▸ Work task:
Print the data exactly as it appears, keeping every word.

▸ Material for the task:
○ ○ ○ ○ ○ ○ ○

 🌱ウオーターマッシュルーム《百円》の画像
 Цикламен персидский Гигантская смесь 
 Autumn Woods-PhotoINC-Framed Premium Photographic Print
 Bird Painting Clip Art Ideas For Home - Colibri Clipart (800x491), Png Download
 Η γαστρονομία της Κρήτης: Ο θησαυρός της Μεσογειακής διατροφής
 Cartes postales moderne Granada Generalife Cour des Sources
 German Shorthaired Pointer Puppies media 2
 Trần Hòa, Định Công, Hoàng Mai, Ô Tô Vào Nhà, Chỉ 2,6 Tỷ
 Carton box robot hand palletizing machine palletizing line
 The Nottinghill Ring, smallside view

○ ○ ○ ○ ○ ○ ○

▸ Exercise result:
 🌱ウオーターマッシュルーム《百円》の画像
 Цикламен персидский Гигантская смесь 
 Autumn Woods-PhotoINC-Framed Premium Photographic Print
 Bird Painting Clip Art Ideas For Home - Colibri Clipart (800x491), Png Download
 Η γαστρονομία της Κρήτης: Ο θησαυρός της Μεσογειακής διατροφής
 Cartes postales moderne Granada Generalife Cour des Sources
 German Shorthaired Pointer Puppies media 2
 Trần Hòa, Định Công, Hoàng Mai, Ô Tô Vào Nhà, Chỉ 2,6 Tỷ
 Carton box robot hand palletizing machine palletizing line
 The Nottinghill Ring, smallside view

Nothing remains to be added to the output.